Erica Cyriaco, 31 anos, surdo, integrante do Multibloco

"Várias vezes homens acham que eu não toco surdo, porque é um instrumento pesado, e os foliões ficam tentando me ensinar, pedem emprestado o instrumento. Eu toco surdo de terceira, eles ficam marcando no andamento todo errado, e aí eu nem olho né."

Claudia Vaz, 32 anos, agogô, integrante do Maria Vem Com As Outras

"O que sempre acontece é que quando um folião vem pedir para tocar o instrumento, eles só pedem para as mulheres. Como se a gente fosse boazinha, ou como se fosse um hobby e os homens tocassem sério, então dessa forma não atrapalham o bloco."

Carolina Coelho, 30 anos, xequerê

"Um amigo me falou que eu escolhi o xequerê porque é um instrumento mais fácil, me diminuindo. Me senti incomodada, falei para ele tomar vergonha na cara."

Simone Regina, 35 anos, percussão integrante da Fanfarra Black Clube, Surdos e Mundos e Moita

"Vejo muitas colegas de sopro passando pelo mesmo problema: tentam puxar uma música, vem um cara e puxa outra música em cima. Na percussão, o que acontece é homem segurando maceta/baqueta/mão de mulher para que ela pare de tocar. Não vejo problema quando uma pessoa está tocando errado e alguém vem corrigir, a questão é a abordagem. Outra coisa que me irrita muito é essa ideia de que mulher tem que estar sempre sorrindo. Às vezes fico concentrada na música e acabo ficando séria. Já fui cutucada no meio do bloco por fotógrafo me mandando sorrir. Aí é que eu fecho a cara mesmo."
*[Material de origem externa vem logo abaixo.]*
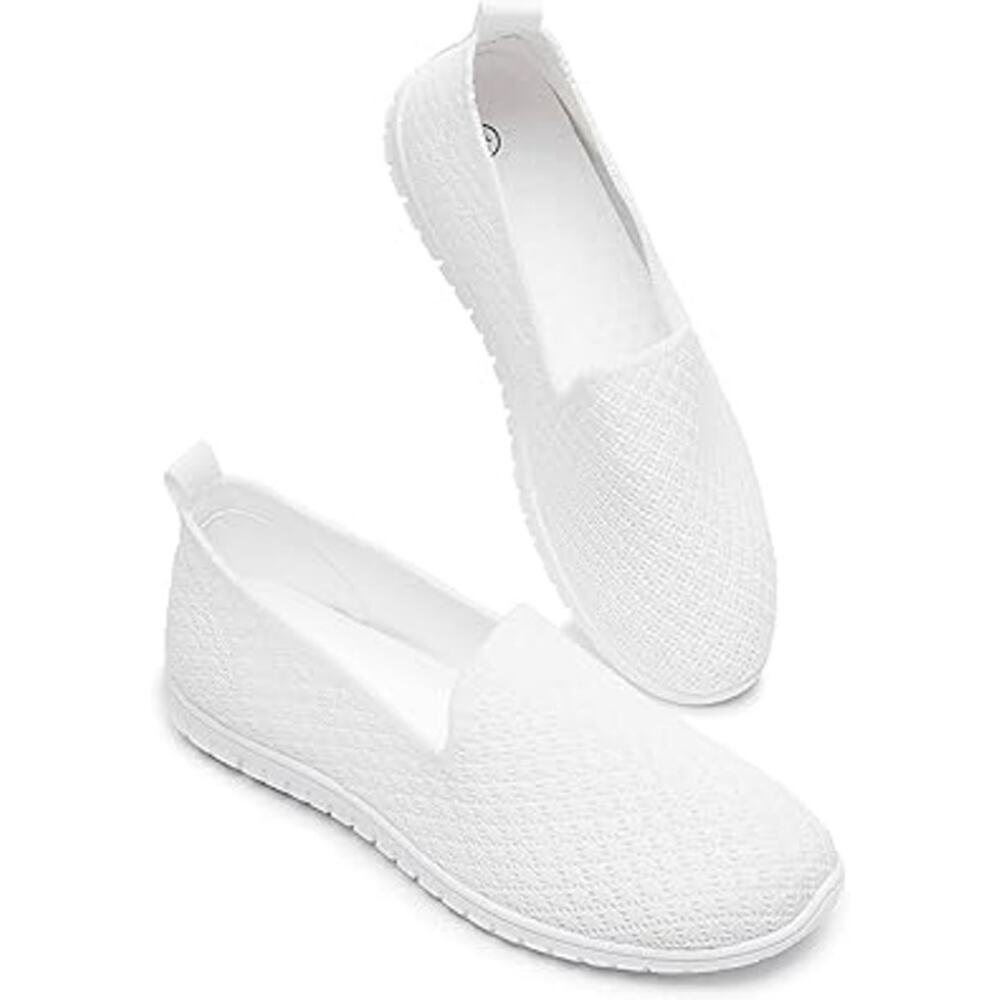 Babudog Womens Size 7 White Mesh Slide On Breathable Comfort Walking Shoes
Patrícia Santos, 43 anos, xequerê e regência, integrante do Mulheres Rodadas

"A situação chata já tem origem no meu instrumento, que os homens acham que é um chocalhinho, e na cabeça deles estamos sensualizando. Uma vez ouvi de um cara: se chacoalha assim, imagina o resto. Para eles é muito fácil tocar, mas na hora que coloca na mão deles não sabem nem pra que lado toca o instrumento. Acham que é de mulherzinha e com isso a primeira vez que fui tocar na rua senti que fui sendo colocada de lado na roda do bloco. A gente é colocada como subgrupo".